§ What the exercise asks:
Leave the pictures behind and reproduce every line of the listing exactly.

--- Record extracts ---

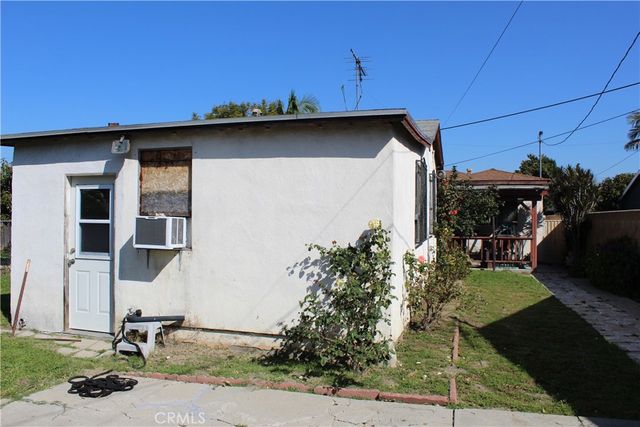 5852 5854 Lanto, Bell Gardens, CA 90201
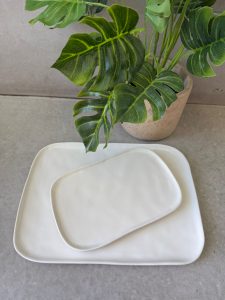 ⁦צלחת/מגש קרמיקה מלבני לבן⁩ – תמונה ⁦2⁩
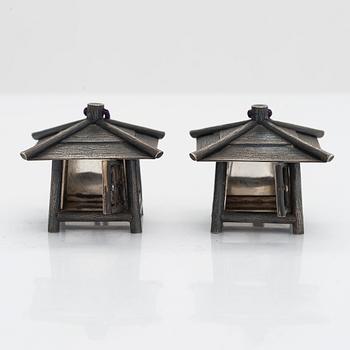 Dosor, ett par, sterlingsilver, Japan, med jungin-stämpel.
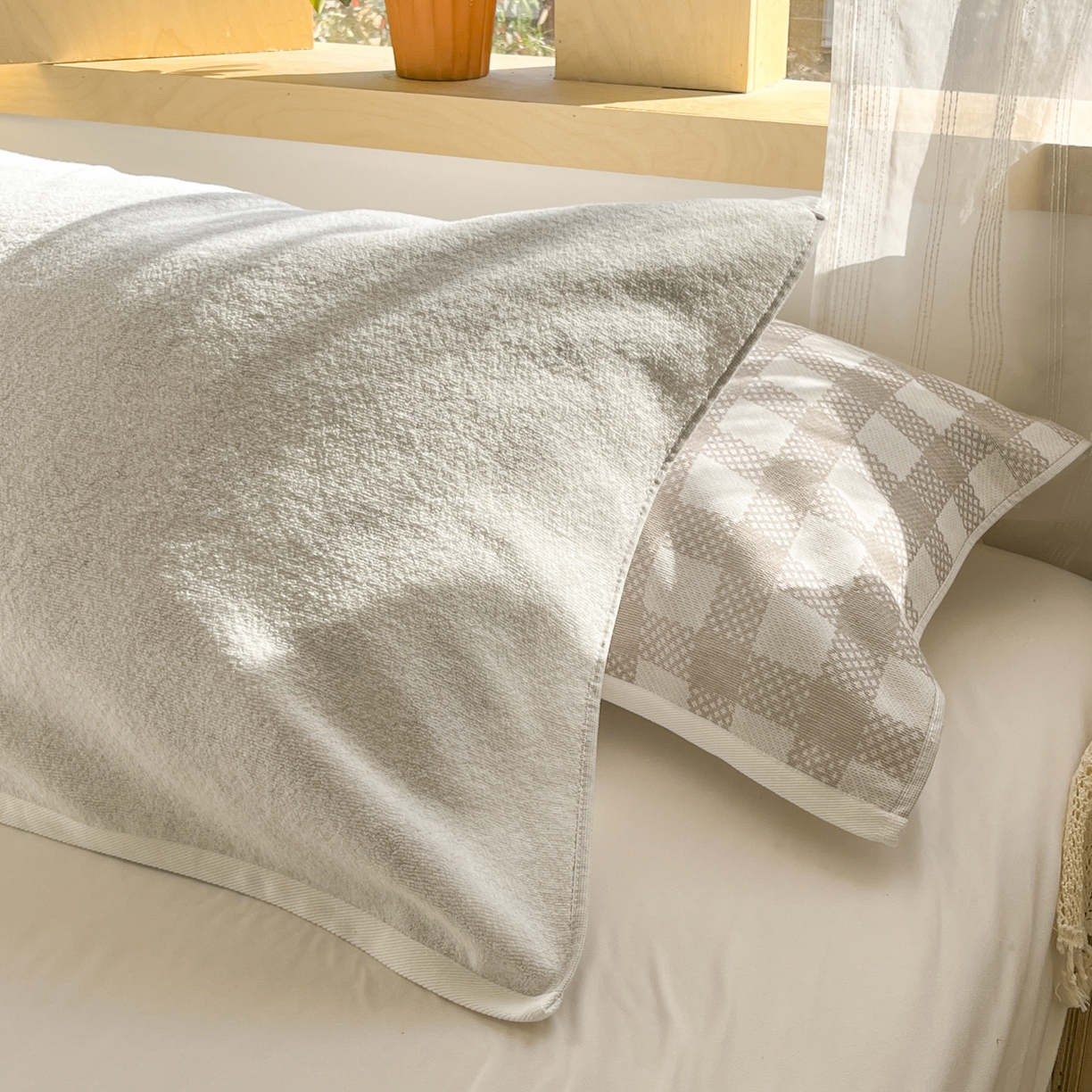 91家纺网 家纺一手货源 找家纺 美宜家 2025新品全棉枕巾简约无印双人单人织边里外棉枕巾 念想-灰 48*74cm一对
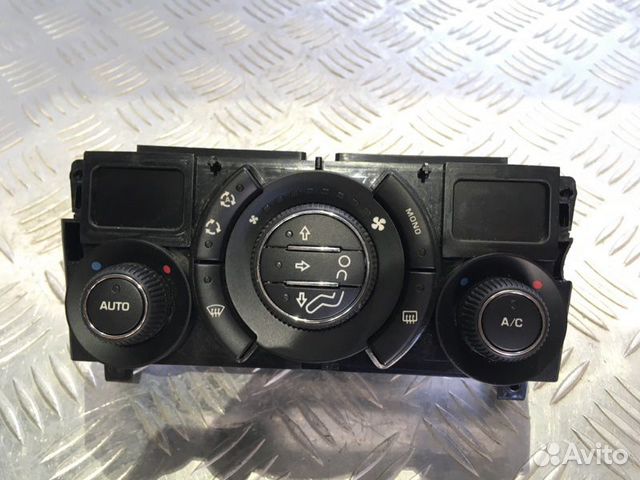 Блок управления климат-контролем Peugeot 3008 1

---

§ Solution:
 5852 5854 Lanto, Bell Gardens, CA 90201
 ⁦צלחת/מגש קרמיקה מלבני לבן⁩ – תמונה ⁦2⁩
 Dosor, ett par, sterlingsilver, Japan, med jungin-stämpel.
 91家纺网 家纺一手货源 找家纺 美宜家 2025新品全棉枕巾简约无印双人单人织边里外棉枕巾 念想-灰 48*74cm一对
 Блок управления климат-контролем Peugeot 3008 1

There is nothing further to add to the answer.